Network Working Group | S. Woolf |
Internet-Draft | March 5, 2018 |
Intended status: Informational | |
Expires: September 6, 2018 |
Some Considerations on the Use of Domain Names Outside of the Global Public Domain Name System
draft-stw-whatsinaname-02
From time to time, networking protocols need to be able to name things used within the protocol, and resolve the names created or referenced. It's common for protocol designers to attempt to use domain names as the starting point for their systems of names, and the DNS protocol as the starting point for name resolution. Such re-use of DNS naming and resolution conventions can cause issues if not carefully defined and handled, as applications and infrastructure in the modern Internet tend to assume that a "domain name" is an identifier that follows certain composition and allocation rules and is to be resolved by DNS protocol in the global default scope.
This document acknowledges this class of extensions to the shared domain namespace and considers a framework for the properties a naming and resolution convention should have in the internet protocol environment, including the avoidance of collision with other uses of the namespace. Depending to the answers to the suggested questions, the answer may be that domain names will not meet the constraints at hand.
This Internet-Draft is submitted in full conformance with the provisions of BCP 78 and BCP 79.
Internet-Drafts are working documents of the Internet Engineering Task Force (IETF). Note that other groups may also distribute working documents as Internet-Drafts. The list of current Internet-Drafts is at https://datatracker.ietf.org/drafts/current/.
Internet-Drafts are draft documents valid for a maximum of six months and may be updated, replaced, or obsoleted by other documents at any time. It is inappropriate to use Internet-Drafts as reference material or to cite them other than as "work in progress."
This Internet-Draft will expire on September 6, 2018.
Copyright (c) 2018 IETF Trust and the persons identified as the document authors. All rights reserved.
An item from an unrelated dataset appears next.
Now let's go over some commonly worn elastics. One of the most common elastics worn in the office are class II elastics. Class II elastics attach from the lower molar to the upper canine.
This document is subject to BCP 78 and the IETF Trust's Legal Provisions Relating to IETF Documents (https://trustee.ietf.org/license-info) in effect on the date of publication of this document. Please review these documents carefully, as they describe your rights and restrictions with respect to this document. Code Components extracted from this document must include Simplified BSD License text as described in Section 4.e of the Trust Legal Provisions and are provided without warranty as described in the Simplified BSD License.
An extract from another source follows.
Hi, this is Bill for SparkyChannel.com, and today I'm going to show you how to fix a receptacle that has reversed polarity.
From time to time, networking protocols need to be able to name things used within the protocol, and resolve the names created or referenced. Such identifiers may also need to be persistent in time, across administrative and operational realms, or other transformations. Necessary operations tend to include creating, modifying, and deleting names, and accessing values and relationships that correspond to them.
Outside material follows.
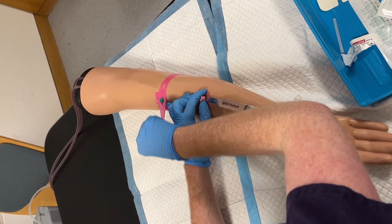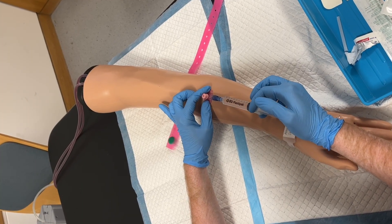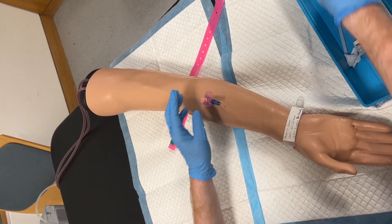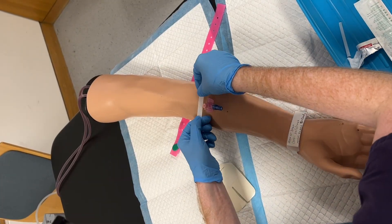If you require blood tests to be taken at the same time as the insertion of the cannula, and your hospital policy allows for this, the connector port can be placed on the cannula prior to the bung, and the blood tests can be taken. It is important that this is done before the cannula has been flushed with saline.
It's common for protocol designers in this predicament to attempt to use domain names as the starting point for their systems of names, and the DNS as the starting point for name resolution. This is completely understandable-- domain names, and DNS resolution, are well-established in both the expectations of network users and developers, and well-supported by fielded software.
However, there are some risks when the protocol designer attempts to re-use domain names and DNS, even (or especially) with modifications, to support a specific use case or protocol design or deployment constraint. These have been touched upon in several RFCs, and in the long history of struggles to keep evolving DNS itself and the use of domain names as new needs and constraints appear. See in particular RFC 6055 ("IAB Thoughts on Encodings for Internationalized Domain Names"), RFC 6950 ("Architectural Considerations on Application Features in the DNS"), and RFC 6943 ("Issues in Identifier Comparison for Security Purposes").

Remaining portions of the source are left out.